## Record excerpts
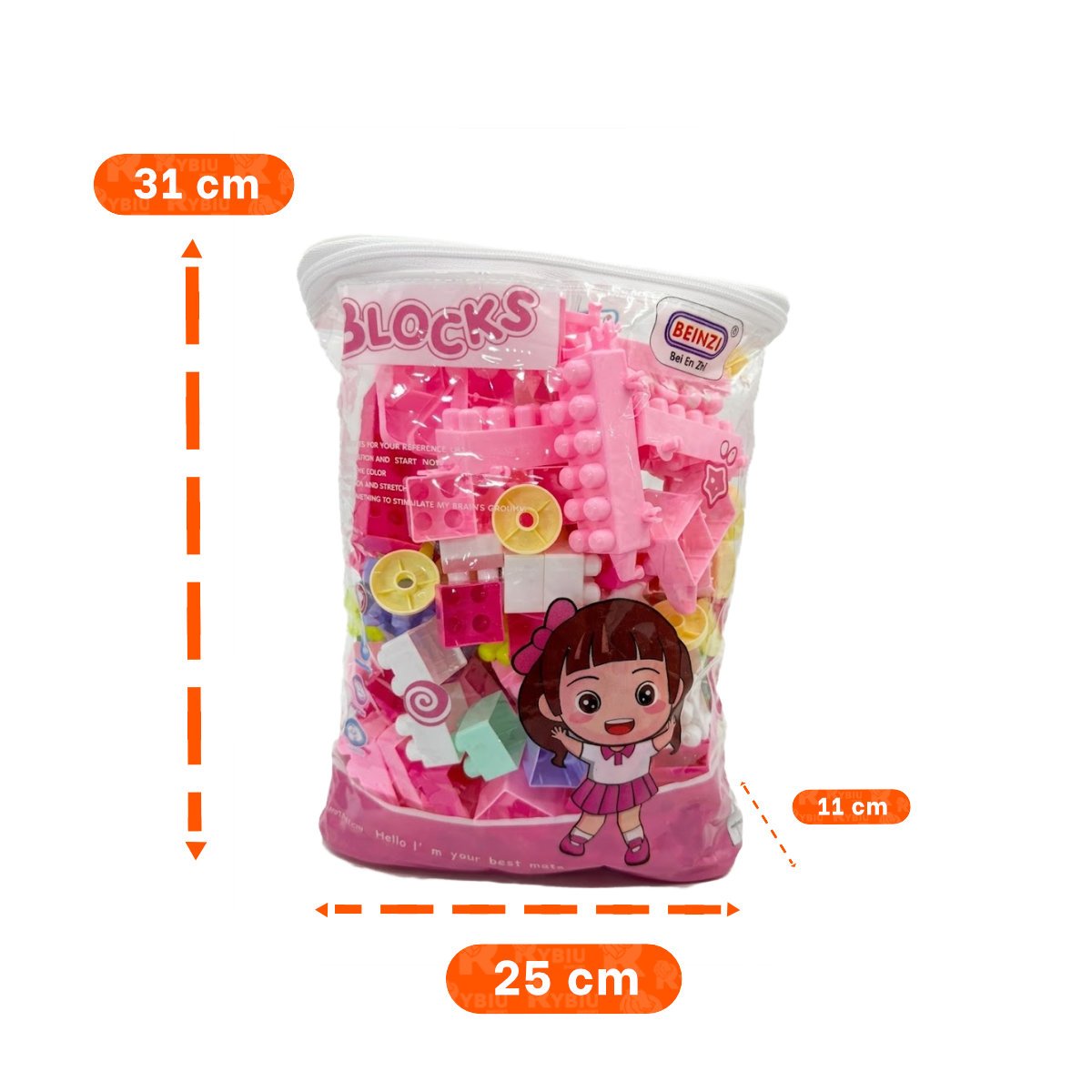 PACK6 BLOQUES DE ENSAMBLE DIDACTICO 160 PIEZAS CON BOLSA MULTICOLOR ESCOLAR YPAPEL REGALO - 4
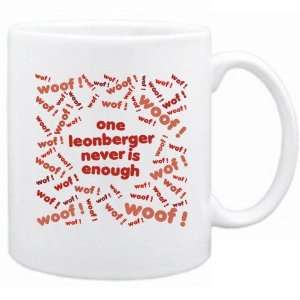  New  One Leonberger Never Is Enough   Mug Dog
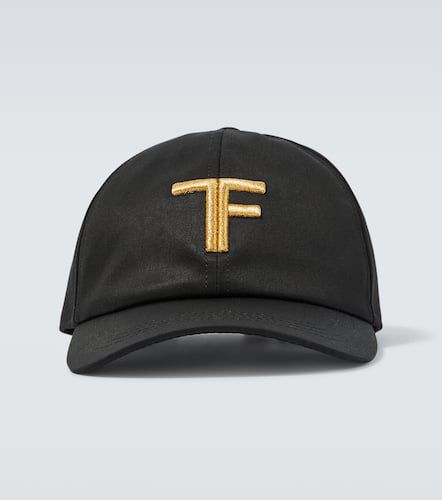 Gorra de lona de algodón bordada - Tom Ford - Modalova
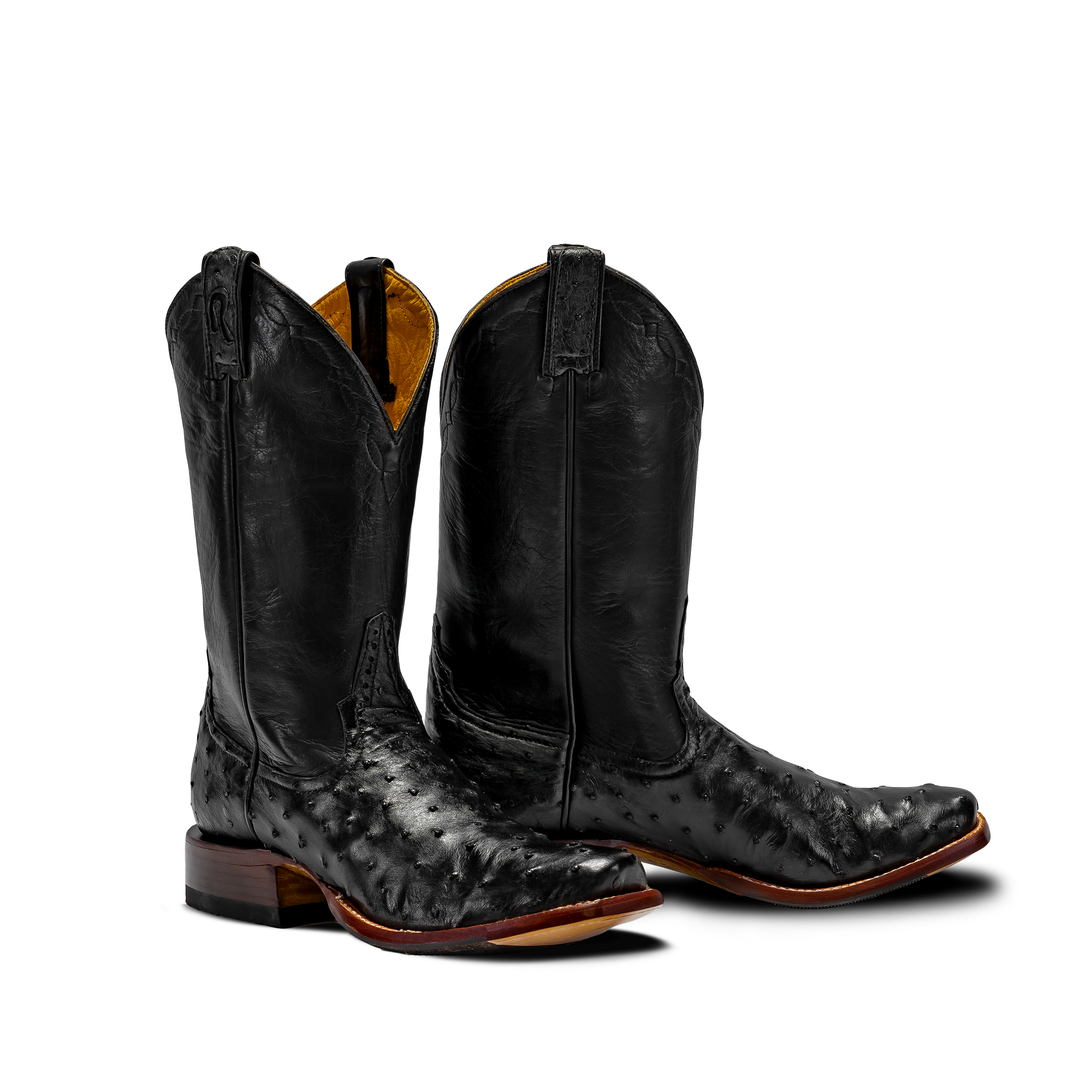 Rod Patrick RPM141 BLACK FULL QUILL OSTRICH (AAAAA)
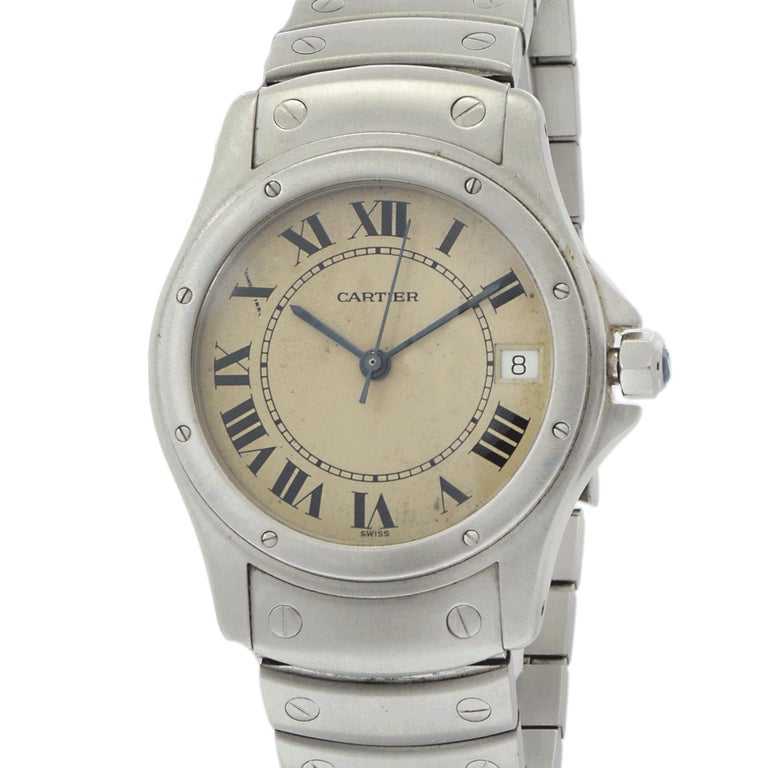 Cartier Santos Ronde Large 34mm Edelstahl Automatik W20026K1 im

## Goal of the exercise
With the pictures omitted, copy exactly the lines from the line that contains "Rod Patrick RPM141" through the end of the material.

## Your solution
 Rod Patrick RPM141 BLACK FULL QUILL OSTRICH (AAAAA)
 Cartier Santos Ronde Large 34mm Edelstahl Automatik W20026K1 im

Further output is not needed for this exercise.